Lufthansa Group has said it will cut 4,000 administrative jobs and chase higher profitability targets as part of a comprehensive transformation strategy aimed at bolstering its position and reaching for financial growth and operational improvements by 2030.

In a statement, the group confirmed that it "plans to reduce a total of around 4,000 jobs worldwide by 2030, the majority of which will be in Germany. This will be done in consultation with social partners. The focus will be on administrative rather than operational roles."

It explained that the job cuts will result from ongoing restructuring and integration of group-wide operations. "The company is examining which activities will no longer be required in the future, for example due to duplication of work. In particular, the profound changes brought about by digitalisation and the increased use of artificial intelligence (AI) will ensure greater efficiency in many areas and processes," it said.

Speaking during a holding-wide capital markets day in Munich, group CEO Carsten Spohr acknowledged that Lufthansa had fallen behind some competitors as it struggles to cut costs and pursue growth amid labour challenges. "We definitely lag behind some of our competitors when it comes to financial performance," Reuters cited him as saying.

However, resulting from the restructuring, Lufthansa Group said it expects significantly higher profitability by 2028-2030 and has set new medium-term financial targets: an adjusted operating (EBIT) margin of 8-10%, adjusted return on capital employed (ROCE) of 15-20%, and annual adjusted free cash flow above EUR2.5 billion euros (USD2.9 billion). The company aims to maintain an investment-grade rating, with EUR8-10 billion (USD9.4-11.7 billion) in liquidity, and a dividend policy of distributing 20-40% of its profits to shareholders.

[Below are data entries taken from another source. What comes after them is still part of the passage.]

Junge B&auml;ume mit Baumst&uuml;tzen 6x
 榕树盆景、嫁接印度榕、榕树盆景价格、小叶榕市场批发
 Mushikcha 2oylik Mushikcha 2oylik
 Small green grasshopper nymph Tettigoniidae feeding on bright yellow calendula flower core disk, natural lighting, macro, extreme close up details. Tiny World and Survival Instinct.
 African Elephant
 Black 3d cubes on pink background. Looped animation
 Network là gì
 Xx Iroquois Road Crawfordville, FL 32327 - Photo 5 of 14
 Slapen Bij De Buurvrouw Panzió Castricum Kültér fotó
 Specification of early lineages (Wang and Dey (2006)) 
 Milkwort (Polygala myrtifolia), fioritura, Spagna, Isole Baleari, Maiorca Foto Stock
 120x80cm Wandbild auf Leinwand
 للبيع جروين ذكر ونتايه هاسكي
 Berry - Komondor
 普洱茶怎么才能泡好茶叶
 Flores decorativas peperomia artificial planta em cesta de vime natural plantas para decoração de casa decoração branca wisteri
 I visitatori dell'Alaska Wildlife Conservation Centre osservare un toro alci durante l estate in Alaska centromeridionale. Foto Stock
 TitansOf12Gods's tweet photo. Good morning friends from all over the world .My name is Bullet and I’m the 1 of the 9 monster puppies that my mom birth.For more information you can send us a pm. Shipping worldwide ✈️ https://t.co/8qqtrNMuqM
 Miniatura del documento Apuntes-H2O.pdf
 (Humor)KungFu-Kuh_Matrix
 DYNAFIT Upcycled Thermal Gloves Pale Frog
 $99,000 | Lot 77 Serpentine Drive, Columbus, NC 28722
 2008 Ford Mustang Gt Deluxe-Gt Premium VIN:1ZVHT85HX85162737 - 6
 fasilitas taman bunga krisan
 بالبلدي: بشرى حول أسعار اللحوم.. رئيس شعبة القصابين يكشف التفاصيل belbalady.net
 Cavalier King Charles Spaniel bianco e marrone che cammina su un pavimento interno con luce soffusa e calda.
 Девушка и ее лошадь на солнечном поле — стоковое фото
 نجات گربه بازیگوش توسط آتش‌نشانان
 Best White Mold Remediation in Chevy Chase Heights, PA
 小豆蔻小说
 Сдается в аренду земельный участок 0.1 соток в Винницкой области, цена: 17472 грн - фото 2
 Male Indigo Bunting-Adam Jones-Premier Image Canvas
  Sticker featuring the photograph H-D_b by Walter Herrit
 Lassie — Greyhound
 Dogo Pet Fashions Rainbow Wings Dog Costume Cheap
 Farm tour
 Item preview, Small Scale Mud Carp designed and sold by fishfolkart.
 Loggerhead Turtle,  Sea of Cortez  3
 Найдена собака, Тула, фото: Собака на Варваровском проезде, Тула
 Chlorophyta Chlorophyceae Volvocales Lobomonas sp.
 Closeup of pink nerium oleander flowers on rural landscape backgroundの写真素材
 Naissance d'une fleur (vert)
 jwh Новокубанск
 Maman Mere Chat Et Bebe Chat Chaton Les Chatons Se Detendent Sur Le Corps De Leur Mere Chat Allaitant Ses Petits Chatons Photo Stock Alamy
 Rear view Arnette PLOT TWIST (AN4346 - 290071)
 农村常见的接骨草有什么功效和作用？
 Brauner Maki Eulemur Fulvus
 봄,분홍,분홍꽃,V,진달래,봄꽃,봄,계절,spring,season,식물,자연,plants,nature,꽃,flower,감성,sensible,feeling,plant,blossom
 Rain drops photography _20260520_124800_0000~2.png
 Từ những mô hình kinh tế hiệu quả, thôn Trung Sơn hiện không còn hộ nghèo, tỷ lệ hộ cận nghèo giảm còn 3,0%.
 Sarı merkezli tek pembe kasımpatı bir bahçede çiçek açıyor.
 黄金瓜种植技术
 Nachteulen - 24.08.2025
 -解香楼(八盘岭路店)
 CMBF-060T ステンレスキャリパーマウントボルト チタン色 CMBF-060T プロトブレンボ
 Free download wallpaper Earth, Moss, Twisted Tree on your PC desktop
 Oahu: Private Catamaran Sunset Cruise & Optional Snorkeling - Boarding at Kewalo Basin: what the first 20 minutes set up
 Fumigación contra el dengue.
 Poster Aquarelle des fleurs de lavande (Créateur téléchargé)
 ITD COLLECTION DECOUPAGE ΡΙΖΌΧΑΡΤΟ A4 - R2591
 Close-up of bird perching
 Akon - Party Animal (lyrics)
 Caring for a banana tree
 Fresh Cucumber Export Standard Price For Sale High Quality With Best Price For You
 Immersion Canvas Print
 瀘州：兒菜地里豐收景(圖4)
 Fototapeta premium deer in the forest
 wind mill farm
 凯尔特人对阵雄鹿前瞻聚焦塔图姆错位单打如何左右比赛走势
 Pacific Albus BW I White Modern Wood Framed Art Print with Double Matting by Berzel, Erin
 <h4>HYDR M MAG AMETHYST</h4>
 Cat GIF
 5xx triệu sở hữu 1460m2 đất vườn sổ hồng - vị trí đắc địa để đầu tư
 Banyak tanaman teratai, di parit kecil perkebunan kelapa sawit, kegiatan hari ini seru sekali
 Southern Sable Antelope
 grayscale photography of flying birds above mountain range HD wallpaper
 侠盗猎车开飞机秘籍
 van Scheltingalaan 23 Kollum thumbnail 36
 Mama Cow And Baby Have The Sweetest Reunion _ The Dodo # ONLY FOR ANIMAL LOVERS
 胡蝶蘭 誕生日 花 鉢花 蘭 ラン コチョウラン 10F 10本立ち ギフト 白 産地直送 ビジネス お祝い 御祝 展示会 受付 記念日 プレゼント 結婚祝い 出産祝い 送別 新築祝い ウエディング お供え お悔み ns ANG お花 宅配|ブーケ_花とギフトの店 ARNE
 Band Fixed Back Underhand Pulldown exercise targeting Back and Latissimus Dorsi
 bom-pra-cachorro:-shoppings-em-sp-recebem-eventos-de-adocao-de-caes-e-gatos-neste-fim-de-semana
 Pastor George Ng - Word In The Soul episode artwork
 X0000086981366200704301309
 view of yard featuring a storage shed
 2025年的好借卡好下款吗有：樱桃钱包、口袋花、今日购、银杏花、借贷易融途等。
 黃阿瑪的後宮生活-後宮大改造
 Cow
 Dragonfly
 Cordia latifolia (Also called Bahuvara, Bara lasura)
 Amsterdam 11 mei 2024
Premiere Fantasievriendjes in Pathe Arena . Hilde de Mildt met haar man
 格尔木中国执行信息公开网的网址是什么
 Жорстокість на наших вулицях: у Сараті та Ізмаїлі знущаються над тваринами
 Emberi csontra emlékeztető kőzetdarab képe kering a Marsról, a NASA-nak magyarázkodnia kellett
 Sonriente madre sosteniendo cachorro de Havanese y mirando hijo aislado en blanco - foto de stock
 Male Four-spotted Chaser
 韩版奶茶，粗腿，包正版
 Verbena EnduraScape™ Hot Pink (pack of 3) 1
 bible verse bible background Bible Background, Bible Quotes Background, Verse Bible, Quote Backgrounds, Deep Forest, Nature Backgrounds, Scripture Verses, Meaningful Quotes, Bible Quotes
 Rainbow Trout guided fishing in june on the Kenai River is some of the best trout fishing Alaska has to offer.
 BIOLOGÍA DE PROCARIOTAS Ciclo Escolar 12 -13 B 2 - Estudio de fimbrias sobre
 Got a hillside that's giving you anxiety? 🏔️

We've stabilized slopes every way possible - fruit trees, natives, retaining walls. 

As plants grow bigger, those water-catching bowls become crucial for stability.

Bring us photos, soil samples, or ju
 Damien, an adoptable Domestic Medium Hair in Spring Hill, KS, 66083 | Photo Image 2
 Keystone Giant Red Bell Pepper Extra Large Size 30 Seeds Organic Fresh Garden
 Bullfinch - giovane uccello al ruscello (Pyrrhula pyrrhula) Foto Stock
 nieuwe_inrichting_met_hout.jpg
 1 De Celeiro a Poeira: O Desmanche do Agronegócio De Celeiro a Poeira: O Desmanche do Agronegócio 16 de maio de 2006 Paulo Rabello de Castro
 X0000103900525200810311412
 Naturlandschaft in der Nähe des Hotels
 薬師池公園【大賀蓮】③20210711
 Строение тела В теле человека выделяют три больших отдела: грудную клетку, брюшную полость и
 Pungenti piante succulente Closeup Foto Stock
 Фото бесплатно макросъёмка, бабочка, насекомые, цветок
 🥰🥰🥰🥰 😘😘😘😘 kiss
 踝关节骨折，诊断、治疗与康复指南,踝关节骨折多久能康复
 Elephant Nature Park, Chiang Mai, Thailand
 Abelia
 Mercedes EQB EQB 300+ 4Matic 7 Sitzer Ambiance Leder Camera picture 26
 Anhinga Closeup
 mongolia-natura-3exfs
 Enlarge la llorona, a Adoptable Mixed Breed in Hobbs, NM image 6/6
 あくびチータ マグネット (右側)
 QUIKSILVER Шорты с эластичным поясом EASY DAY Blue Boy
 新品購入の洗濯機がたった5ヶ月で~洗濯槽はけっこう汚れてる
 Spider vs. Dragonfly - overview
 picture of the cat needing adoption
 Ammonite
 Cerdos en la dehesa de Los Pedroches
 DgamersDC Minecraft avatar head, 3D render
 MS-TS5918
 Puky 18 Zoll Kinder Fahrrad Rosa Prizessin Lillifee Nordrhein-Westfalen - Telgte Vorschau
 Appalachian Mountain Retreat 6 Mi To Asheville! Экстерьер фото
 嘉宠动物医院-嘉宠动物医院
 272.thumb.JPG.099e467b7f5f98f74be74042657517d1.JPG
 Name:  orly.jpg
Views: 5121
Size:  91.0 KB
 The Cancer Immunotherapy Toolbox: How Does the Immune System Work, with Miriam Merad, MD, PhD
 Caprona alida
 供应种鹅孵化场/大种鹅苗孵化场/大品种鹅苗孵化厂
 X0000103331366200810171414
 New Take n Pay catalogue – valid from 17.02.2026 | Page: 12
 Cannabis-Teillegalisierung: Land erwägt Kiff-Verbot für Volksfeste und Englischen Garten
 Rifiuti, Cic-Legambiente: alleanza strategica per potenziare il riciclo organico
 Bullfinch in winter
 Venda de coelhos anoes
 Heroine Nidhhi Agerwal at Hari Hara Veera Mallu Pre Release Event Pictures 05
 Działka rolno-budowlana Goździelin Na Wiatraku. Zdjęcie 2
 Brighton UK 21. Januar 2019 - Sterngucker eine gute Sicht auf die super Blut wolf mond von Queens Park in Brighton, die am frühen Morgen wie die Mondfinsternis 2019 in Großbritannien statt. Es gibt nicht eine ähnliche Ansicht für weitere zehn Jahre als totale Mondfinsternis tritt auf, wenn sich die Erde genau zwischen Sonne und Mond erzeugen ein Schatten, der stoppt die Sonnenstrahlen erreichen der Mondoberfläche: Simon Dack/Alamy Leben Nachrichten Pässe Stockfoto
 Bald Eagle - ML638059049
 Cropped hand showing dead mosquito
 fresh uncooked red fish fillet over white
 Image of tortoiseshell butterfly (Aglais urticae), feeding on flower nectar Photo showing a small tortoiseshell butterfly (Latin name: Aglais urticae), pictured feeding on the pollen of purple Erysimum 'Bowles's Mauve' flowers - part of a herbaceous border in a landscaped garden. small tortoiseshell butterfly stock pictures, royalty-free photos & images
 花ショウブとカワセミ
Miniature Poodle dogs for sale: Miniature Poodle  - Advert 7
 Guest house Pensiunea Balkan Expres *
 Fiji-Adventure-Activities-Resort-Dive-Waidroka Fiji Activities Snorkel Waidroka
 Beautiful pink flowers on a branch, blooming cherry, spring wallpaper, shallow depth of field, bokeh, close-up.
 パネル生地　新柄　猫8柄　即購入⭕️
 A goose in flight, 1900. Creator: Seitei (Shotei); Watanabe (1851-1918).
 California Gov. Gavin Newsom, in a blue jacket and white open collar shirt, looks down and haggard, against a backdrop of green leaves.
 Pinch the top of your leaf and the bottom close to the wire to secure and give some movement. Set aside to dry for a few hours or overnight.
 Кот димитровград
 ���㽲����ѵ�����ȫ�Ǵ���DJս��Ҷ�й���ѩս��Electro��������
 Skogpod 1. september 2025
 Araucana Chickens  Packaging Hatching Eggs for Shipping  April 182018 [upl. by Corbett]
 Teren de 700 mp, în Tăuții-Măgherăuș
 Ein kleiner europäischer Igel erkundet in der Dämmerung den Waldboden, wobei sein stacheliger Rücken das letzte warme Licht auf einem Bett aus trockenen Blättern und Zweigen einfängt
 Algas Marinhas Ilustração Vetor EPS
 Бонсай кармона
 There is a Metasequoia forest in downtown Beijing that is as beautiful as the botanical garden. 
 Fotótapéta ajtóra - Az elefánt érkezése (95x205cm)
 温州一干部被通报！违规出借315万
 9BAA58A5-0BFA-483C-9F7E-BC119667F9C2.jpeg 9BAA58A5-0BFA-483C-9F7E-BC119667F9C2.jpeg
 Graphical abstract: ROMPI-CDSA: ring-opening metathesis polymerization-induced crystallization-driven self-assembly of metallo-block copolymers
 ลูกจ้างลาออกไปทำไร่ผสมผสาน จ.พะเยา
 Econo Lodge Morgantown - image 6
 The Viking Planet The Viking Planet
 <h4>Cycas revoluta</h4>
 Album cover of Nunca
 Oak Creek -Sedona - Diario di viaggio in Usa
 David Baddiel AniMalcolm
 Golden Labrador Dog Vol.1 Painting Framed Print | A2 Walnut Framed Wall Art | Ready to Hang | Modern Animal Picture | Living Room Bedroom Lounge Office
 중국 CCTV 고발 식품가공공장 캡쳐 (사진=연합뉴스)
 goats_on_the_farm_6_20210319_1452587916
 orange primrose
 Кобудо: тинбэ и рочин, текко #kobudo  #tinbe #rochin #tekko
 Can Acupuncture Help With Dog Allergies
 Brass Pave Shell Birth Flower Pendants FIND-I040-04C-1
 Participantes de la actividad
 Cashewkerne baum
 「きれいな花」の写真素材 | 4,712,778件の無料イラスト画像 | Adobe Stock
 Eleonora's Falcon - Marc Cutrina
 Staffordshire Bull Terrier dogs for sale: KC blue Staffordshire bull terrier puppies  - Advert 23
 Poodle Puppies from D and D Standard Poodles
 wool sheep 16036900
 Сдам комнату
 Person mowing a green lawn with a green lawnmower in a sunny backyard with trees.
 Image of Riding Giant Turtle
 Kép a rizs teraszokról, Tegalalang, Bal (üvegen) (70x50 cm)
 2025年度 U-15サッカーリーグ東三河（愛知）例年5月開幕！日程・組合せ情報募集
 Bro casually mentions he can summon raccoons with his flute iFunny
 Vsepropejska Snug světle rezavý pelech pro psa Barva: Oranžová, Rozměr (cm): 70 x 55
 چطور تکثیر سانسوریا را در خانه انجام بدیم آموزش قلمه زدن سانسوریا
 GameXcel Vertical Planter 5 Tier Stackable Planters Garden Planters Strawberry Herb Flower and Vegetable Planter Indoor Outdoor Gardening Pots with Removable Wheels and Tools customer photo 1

As reported previously, Lufthansa reiterated that the restructuring will focus on four strategic pillars:

  • network airlines: The group has outlined plans to modernise its fleet with more than 230 new aircraft focusing on next-generation widebody and narrowbody aircraft to increase fuel efficiency by up to 30%, reduce emissions, harmonise the fleet to lower operational complexity, and deepen integration among its hub airlines Lufthansa, Swiss, Austrian Airlines, Brussels Airlines, and ITA Airways;
  • point-to-point leisure travel with Eurowings, which will expand its travel products and continue its fleet renewal. Tour operator Eurowings Holidays aims for rapid growth;
  • maintenance unit Lufthansa Technik will grow through international expansion, digital business models, and a new defence division to increase profitability and long-term viability;
  • Lufthansa Cargo will expand with investments in capacity, automation, and digitalisation, leveraging e-commerce growth and market volatility.